Tansy's private life is complicated. Andy doesn't talk to her and she doesn't know why. Then she discovers that he went to a party and he got drunk. He also was kissing Melanie, who is Tansy's rival. Luckily, he explains her everything and they are together again.

Characters 
Tansy Meadows – Clarity's daughter. She met her father, but he doesn't keep in touch with her. She's got a boyfriend – Andy Richards, who she really loves.  
Cleopatra "Cleo" Greenway – Tansy's, Jade's and Holly's friend. She fell in love with Angus, who doesn't know who he prefers – boys or girls. Her mother is a well-known actress. 

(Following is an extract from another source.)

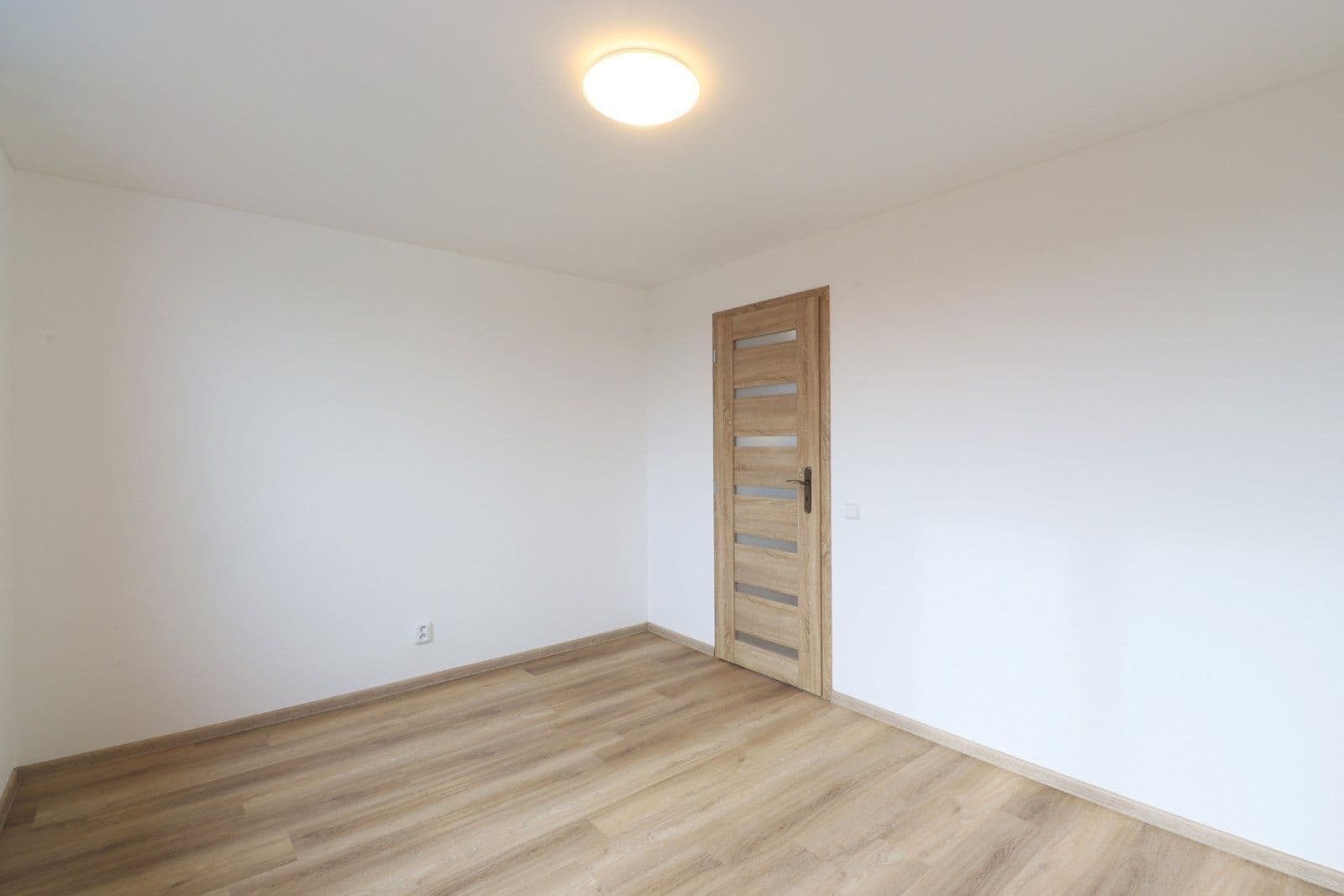 1 bedroom with open-plan kitchen flat to rent, 48 m², Za bažantnicí, Prague, Prague 1 bedroom with open-plan kitchen flat to rent, 48 m², Za bažantnicí, Prague, Prague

Holly Vine – Tansy's best friend. She wears very fashionable clothes and is very pretty. She has got a boyfriend – Ben.
Jade Williams – she's an orphan, who lost her parents in a car accident. She lives with her uncle and aunt. She went to Paris with her grandmother. She met Flynn Jackson in the train to Brighton.
Clarity Meadows – Tansy's mother. She is godmother to Andy's brother and sister.
Diana Greenway – Cleo's mother. She is a well-known actress.
Roy – Cleo's stepfather.
Angela Vine – Holly's mother.
Rupert Vine – Holly's father.
Allegra – Jade's cousin. She's Scott's girlfriend.
aunt Paula – Jade's aunt and Allegra's mother.
Andy Richards – Tansy's boyfriend. 
Alan Richards – Andy's father.
Valerie Richards – Andy's mother.
Flynn Jackson – Jade's new friend. He had an accident and he can't walk.
Kyle Woodward – a boy, with who Holly fell in love. When she realised that, he's a gay she found another boyfriend.
Angus Walker – Kyle's friend. Cleo fell in love with him, but he only pretends that she's his girlfriend.